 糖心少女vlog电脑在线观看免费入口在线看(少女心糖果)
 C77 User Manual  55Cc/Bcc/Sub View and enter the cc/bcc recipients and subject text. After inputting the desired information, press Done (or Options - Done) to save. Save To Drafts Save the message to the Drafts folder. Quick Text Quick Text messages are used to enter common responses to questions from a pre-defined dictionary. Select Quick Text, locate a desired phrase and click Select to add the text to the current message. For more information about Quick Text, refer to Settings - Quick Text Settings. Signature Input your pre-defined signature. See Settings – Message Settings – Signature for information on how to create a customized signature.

==

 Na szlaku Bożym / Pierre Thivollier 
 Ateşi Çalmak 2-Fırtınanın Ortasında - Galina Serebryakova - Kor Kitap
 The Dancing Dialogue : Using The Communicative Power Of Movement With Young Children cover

---

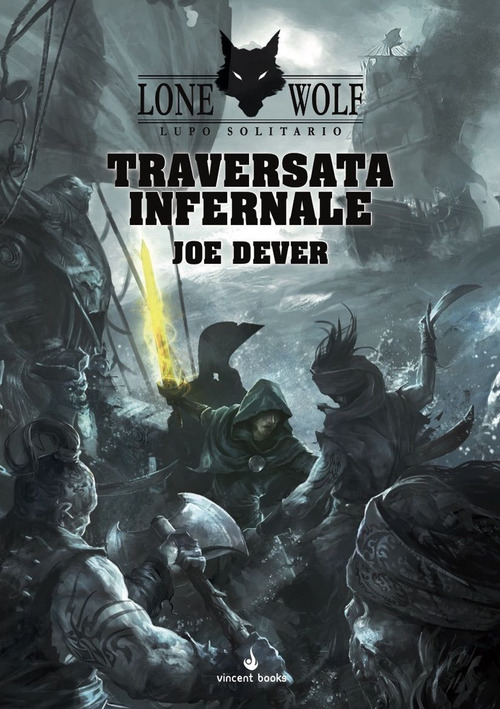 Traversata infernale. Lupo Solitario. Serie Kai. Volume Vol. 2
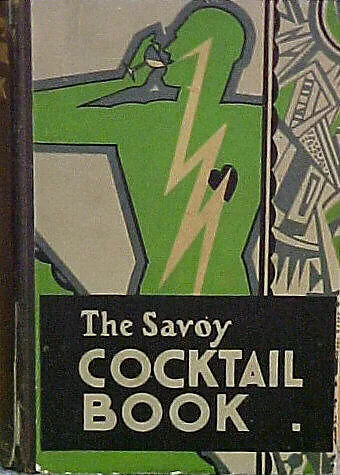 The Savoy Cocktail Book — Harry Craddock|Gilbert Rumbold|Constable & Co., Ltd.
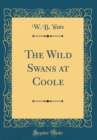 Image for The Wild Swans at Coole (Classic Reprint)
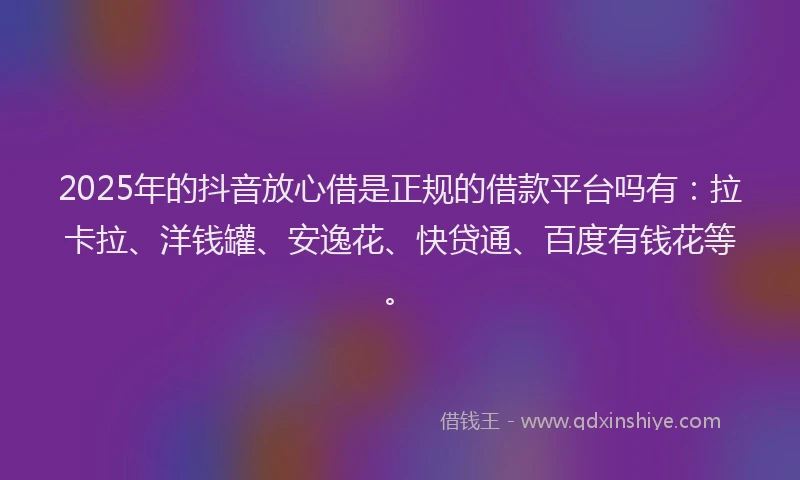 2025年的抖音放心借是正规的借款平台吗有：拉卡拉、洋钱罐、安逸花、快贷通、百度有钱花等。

(Exercise instructions):
Copy the entries above exactly, but only from the line holding "Ateşi Çalmak 2-Fırtınanın" through the line holding "The Dancing Dialogue", both included.

(Task response):
 Ateşi Çalmak 2-Fırtınanın Ortasında - Galina Serebryakova - Kor Kitap
 The Dancing Dialogue : Using The Communicative Power Of Movement With Young Children cover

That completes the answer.